Leading Israeli venture capital firm Viola Ventures has announced the closing of its sixth fund, which hit its hard cap and was oversubscribed, weighing in at $250 million. The fund’s closure has raised Viola’s total assets under management to $1.25 billion.
“It’s not only important to invest in high-performing companies but to invest in them early,” said Danny Cohen, general partner at Viola Ventures. “Our track record proves that we know how to identify outstanding teams, aggressively be the first money, and then support them to unicorn status and beyond. We are confident that our sixth fund will help grow the next generation of market leaders.”

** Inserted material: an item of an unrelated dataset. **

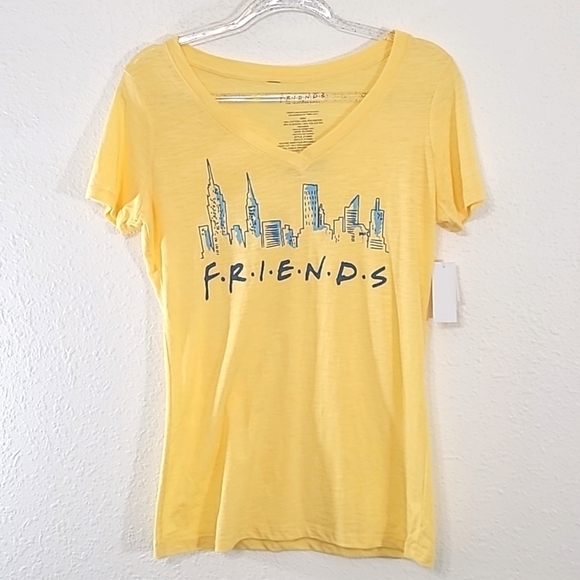 *NWT* F-R-I-E-N-D-S Yellow w/Blue Print Short Sleeve Shirt, size Medium - Picture 1 of 7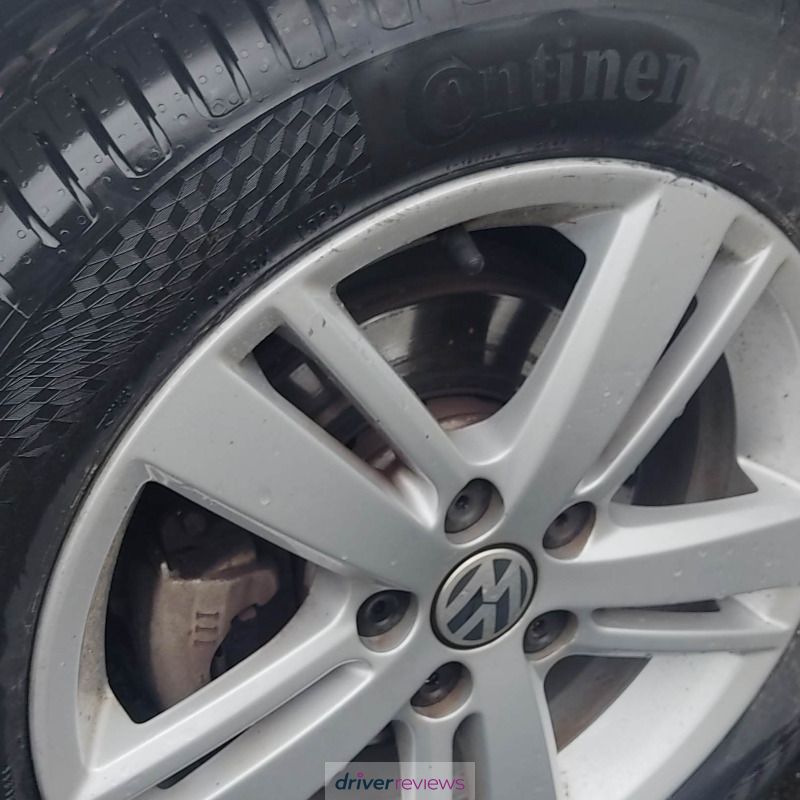 Image #10; Continental UltraContact, 195/55 R15 H; Volkswagen Polo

In 2021, Israel’s tech sector broke new ground and raised an unprecedented $25b., according to a report from Startup Nation Central, a nonprofit organization that catalyzes growth opportunities by bringing Israeli tech innovation to global business and societal challenges. During the record-breaking year, Viola Ventures also shared in the success. Eight of its portfolio companies reached unicorn status, with one company, app technology developer ironSource, achieving decacorn status by going public at an $11b. valuation.
“The Israeli ecosystem has shattered its own glass ceiling reaching 60 unicorns, 33 of them in the last 12 months. Viola Ventures invested less than 0.5% of the capital deployed in Israel in 2021 and has ~15% of Israel’s total unicorns,” said Omry Ben David, general partner at Viola Ventures. “The Israeli tech ecosystem is definitely evolving. Israeli entrepreneurs have growing aspirations and we are seeing more Israeli companies going public and staying independent, thus controlling their own destiny for longer.”
With the new fund, Viola Ventures intends to continue investing in fintech, AI and deep tech, and to give attention to digital health, SaaS 3.0, cybersecurity and Web 3.0. Recently, the fund promoted then-principal Yael Alroy to partner, alongside Jeff Shapiro, another recent addition from the executive search industry.
Prof. Moshe Zviran, dean of the Coller School of Management, commented on the Start-up Nation’s meteoric growth in the last calendar year, “Money is flowing into this country. First of all because there’s a lot of money in the market, and secondly– if you look at the success of Israeli companies, you realize that there has been a kind of shift to a Scale-Up Nation.
“If you look at what’s happening in Israel, you’ll see that more and more companies have led VCs to good or excellent return on investment,” added Zviran. “This isn’t just attributed to luck. The investors realize that this is the best source for talent. Israel is known for its talent.”